To call the Terps' 4-2 win a stunner would be selling it short. There are solid programs that go years or even decades without nabbing a win of this magnitude. Florida is a perennial powerhouse that won the Women’s College World Series in 2014 and 2015 and the SEC championship in 2016. The Gators hadn’t lost this season before Maryland took them down.

Imagine Rutgers football losing to a mid-major one week and beating Alabama in Bryant-Denney the next. Softball’s a bit different than that, but it’s essentially still the level we’re looking at here.

It’s easy to write this upset off as a fluke, especially in a sport where a dominant pitcher or a big inning at the plate can make all the difference in a seven-inning contest. The Terps scored three of their four runs in the fourth and got 5.1 innings out of senior lefty Hannah Dewey. Florida also left 10 runners on base, three more than Maryland. It takes all of that for an 0-8 team to beat an 8-0 team on the road.

But this is something the Terps have been inching toward for a while. In their third game of last season, they took a 2-0 lead into the bottom of the sixth against No. 6 Oregon. Two weeks later, they lost 1-0 to No. 5 Alabama and had the bases loaded in the seventh inning. In their first contest this year, No. 16 Minnesota needed a walk-off to beat them. Saturday’s result is crazier than any of those would have been, but credit the Terps for getting in somewhat similar positions before.

It’s unreasonable to expect Maryland to pull a complete 180 from its 0-8 beginnings. The Terps won’t suddenly post winning records every weekend and consistently hang with the best of the Big Ten. This program is still a ways from where it wants to be; head coach Julie Wright is only in her second season, and we’re a few years from having a Maryland team full of her recruits.

Still, a win like this should be celebrated. The nation’s best teams tend to lose no more than a half-dozen games in a season, with most of those coming to other highly-ranked squads. Upsets like this are few and far between, and for Maryland to be on the positive side is an incredible thing.

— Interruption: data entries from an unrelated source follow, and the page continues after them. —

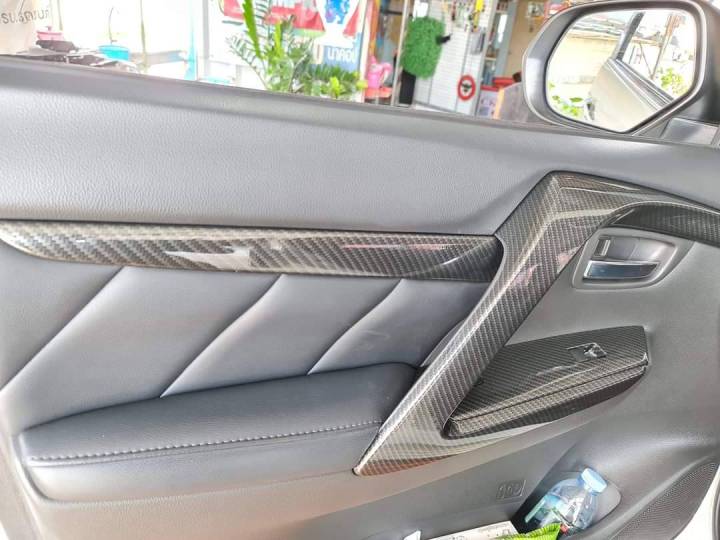 จุกปิดน็อต-ด้านใน-mitsubishi-pajero-sport-ประตูบาน-หน้า-cap-rr-side-mr657340-แท้ศูนย์-ใส้ได้ทั้ง-2-ฝั่งใส่ได้-2wdและ4wd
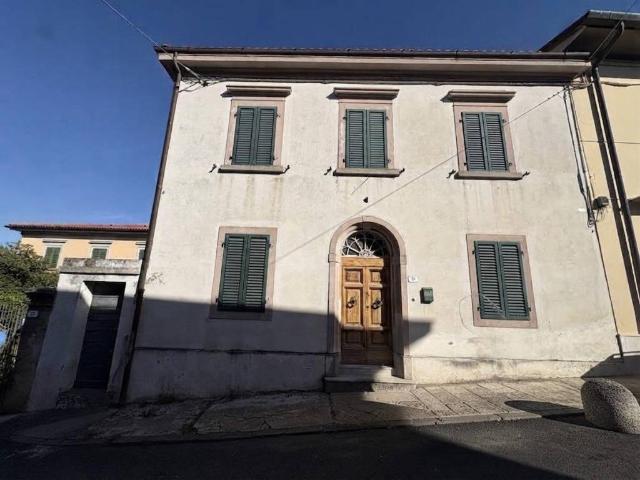 Villa Indipendente in vendita a Collesalvetti, Livorno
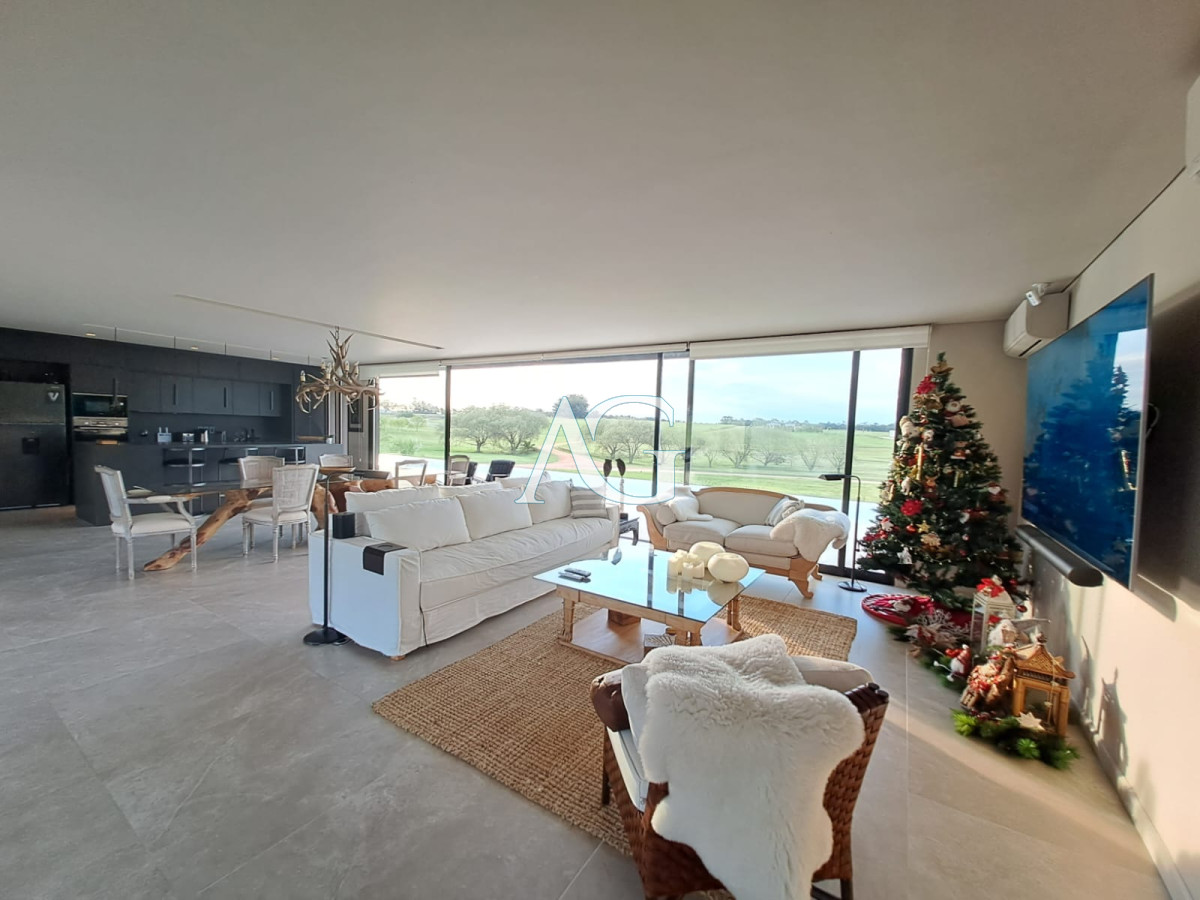 Casa ID.484 - Espectacular chacra con chalet en venta de un estilo minimalista, 2 dormitorios.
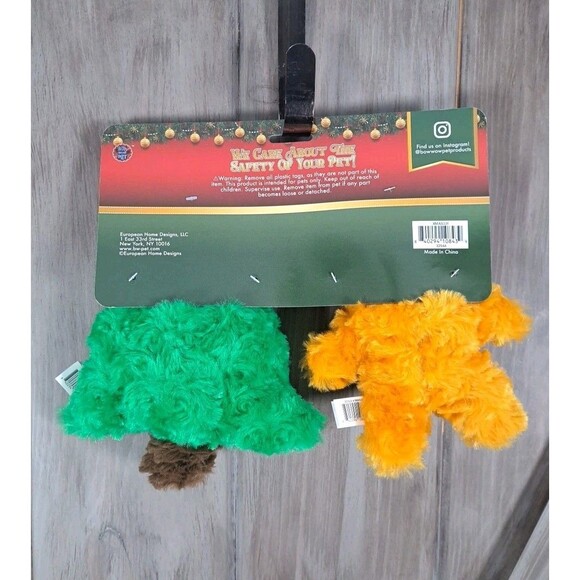 Plush Squeaky Dog Toys Bow Wow Holidays Pet Gingerbread Christmas Tree NEW - Picture 2 of 8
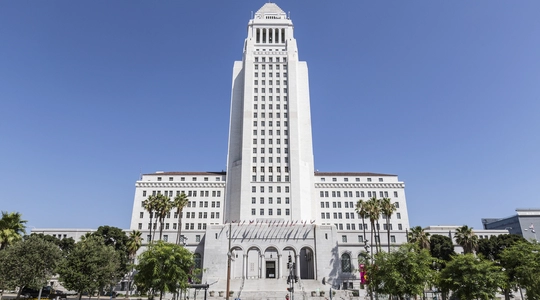 Los Angeles City Hall view from front steps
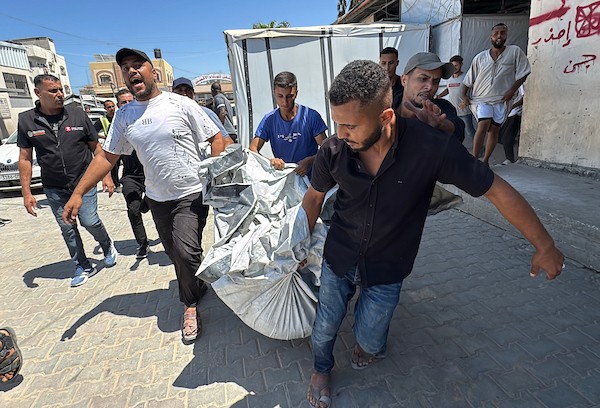 فلسطينيون يودّعون جثماني الطفل تيم حمدان (3 أعوام) والشاب حسام نصير في مستشفى شهداء الأقصى، عقب قصف إسرائيلي على دير البلح وسط قطاع غزة، 30 أغسطس/آب 2026. (تصوير: أحمد إبراهيم)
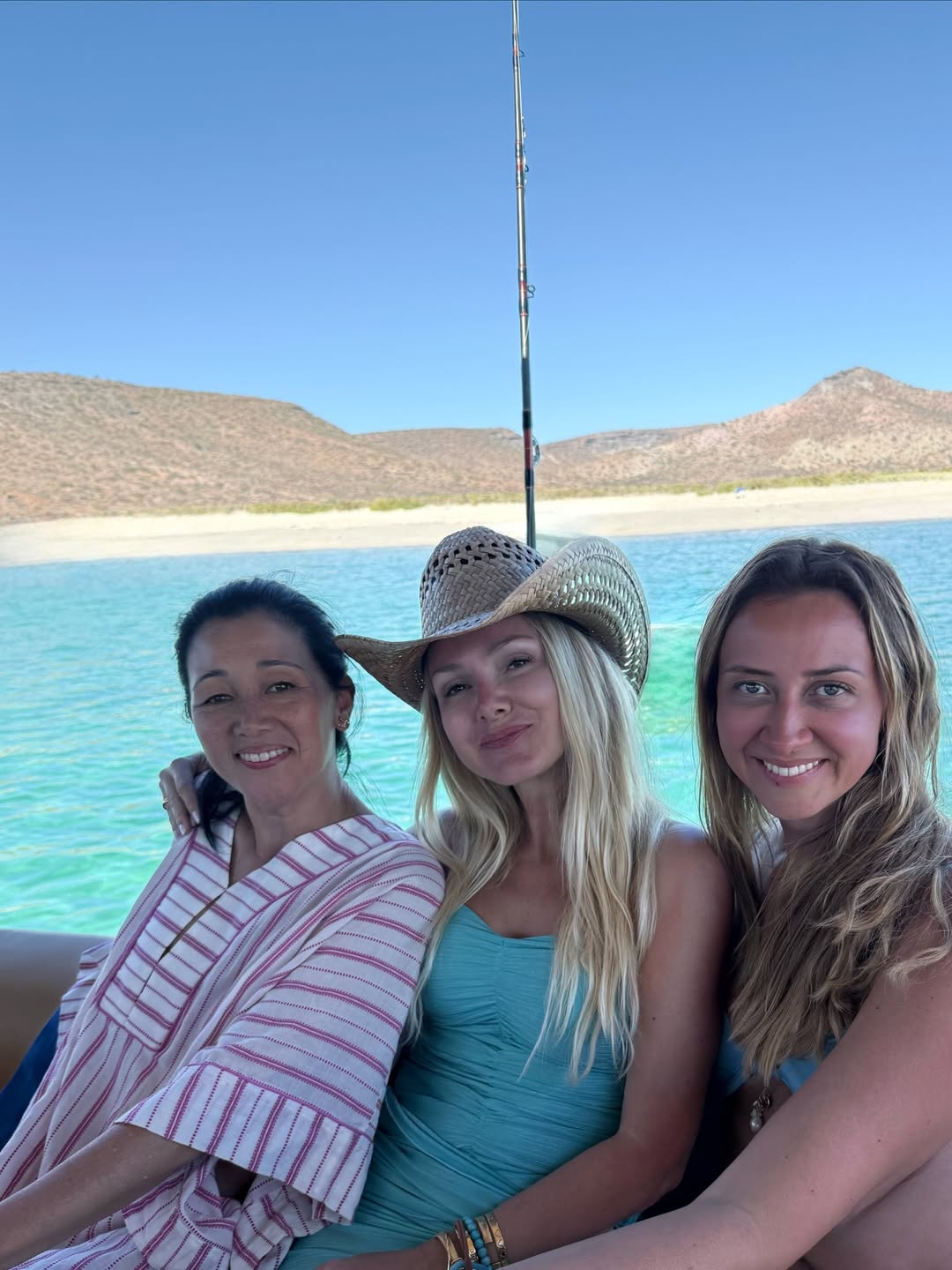 Eliana posa de maiô tomara que caia em férias no México com amigas. Foto: Instagram
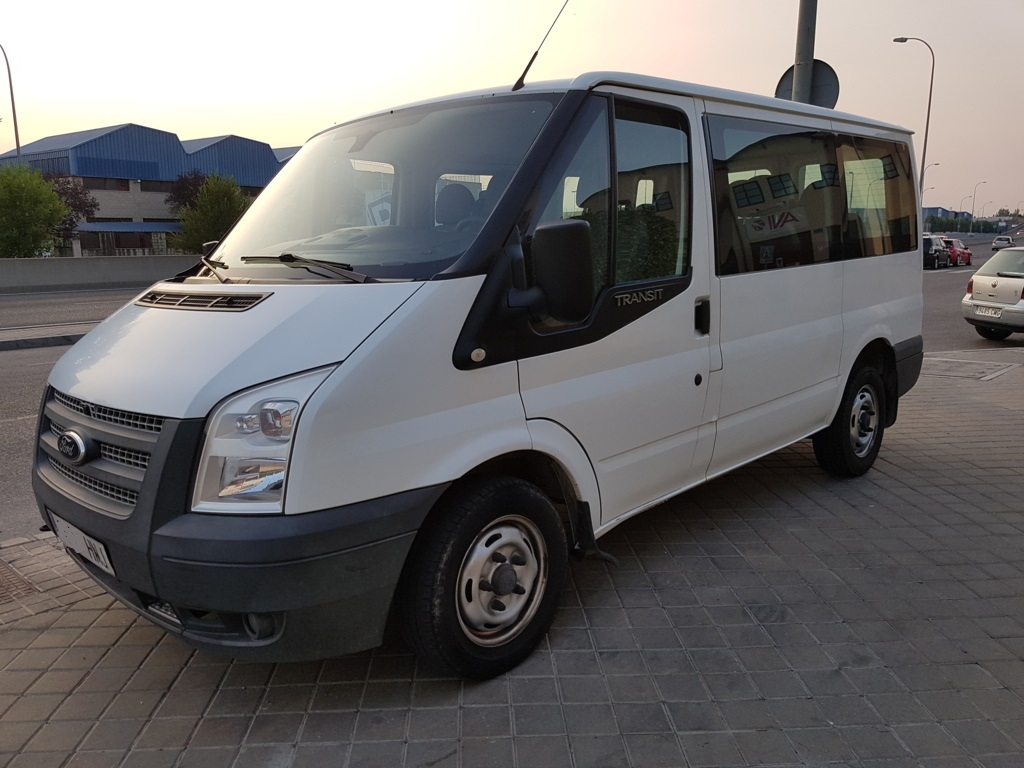 Autocasión MID Car vehículos segunda mano Madrid, Torrejón de Ardoz, Ford Transit 280 S 125CV Kombi al mejor precio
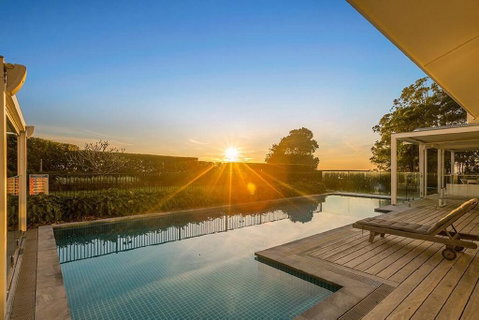 Your Luxury Escape - Trig Point - Accommodation Sunshine Coast 2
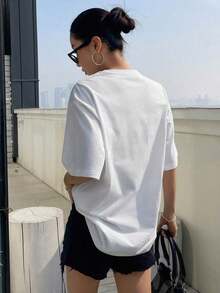 Camiseta con estampado fotográfico y texto "ACTIVE", estilo urbano, ideal para un look casual moderno y con aire streetwear. - Blanco - Ver 8
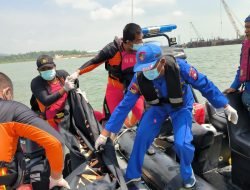 Satpolairud Polres Karimun Bersama Tim SAR Berhasil Menemukan Korban Laka Laut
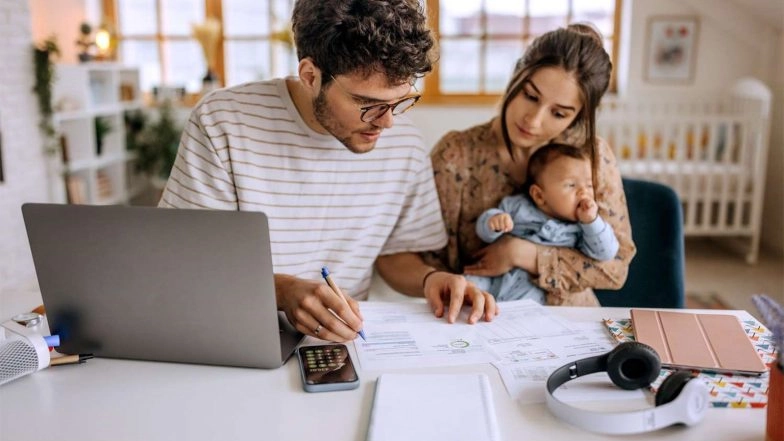 Business News | Personal Loan Vs Credit Card Borrowing: Making Smarter Short-Term Financial Choices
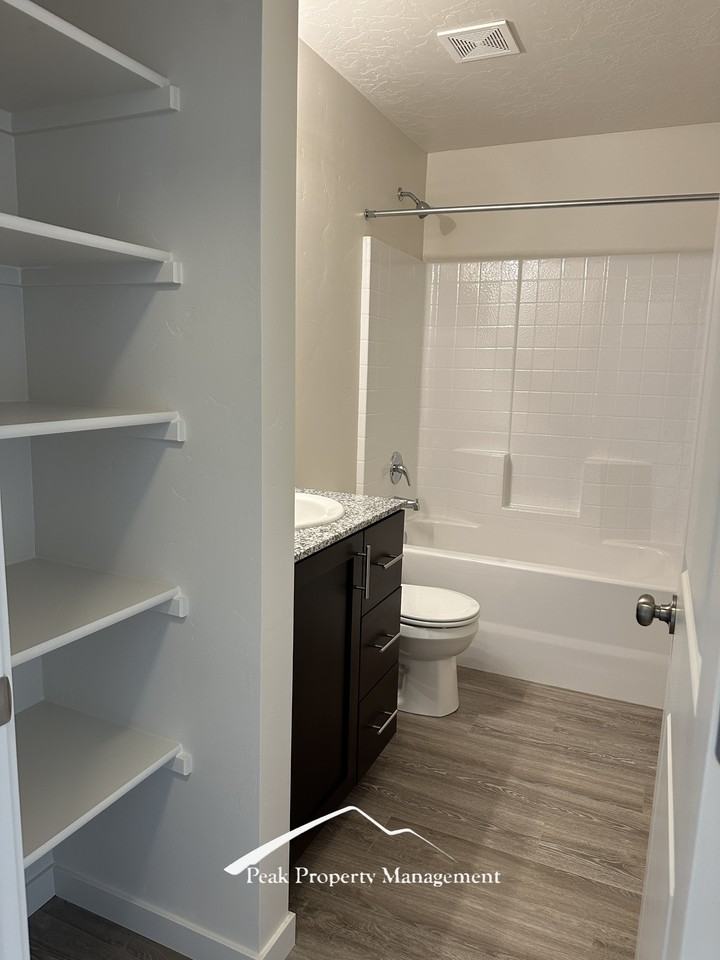 16548 N Franklin Blvd #16548 - Photo 6 of 19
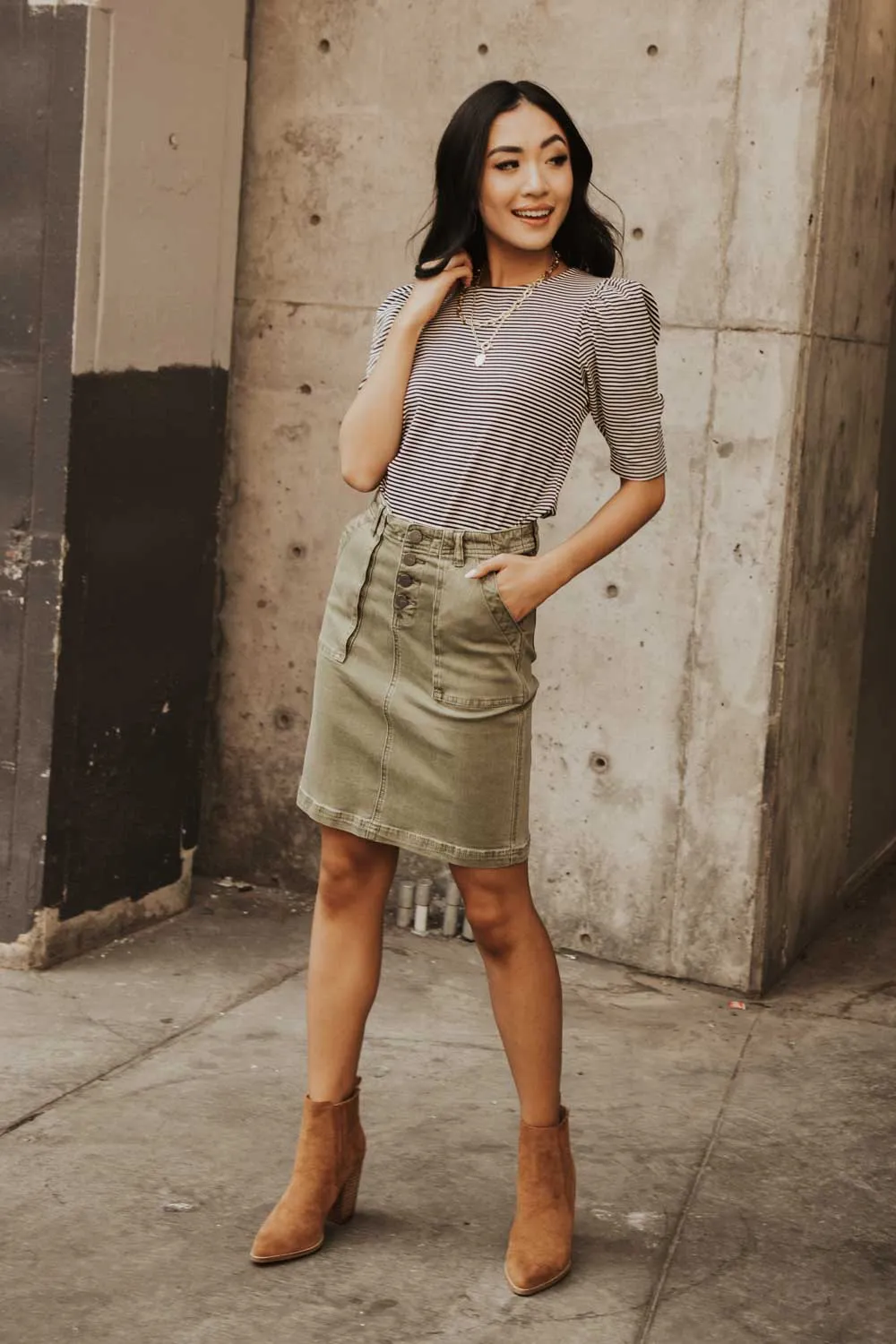 Ada Buttonfly Skirt in Olive Green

The Terps resume action next week in Lafayette, Louisianna, where all five of their games will be against mid-majors. They’ll undoubtedly show up with a fresh injection of confidence, although it remains to be seen if they can be consistent.

No matter what happens for the rest of the season, though, Saturday’s win is a high point for the program. It won’t single-handedly vault the Terps to where they want to be, but it puts them on the map.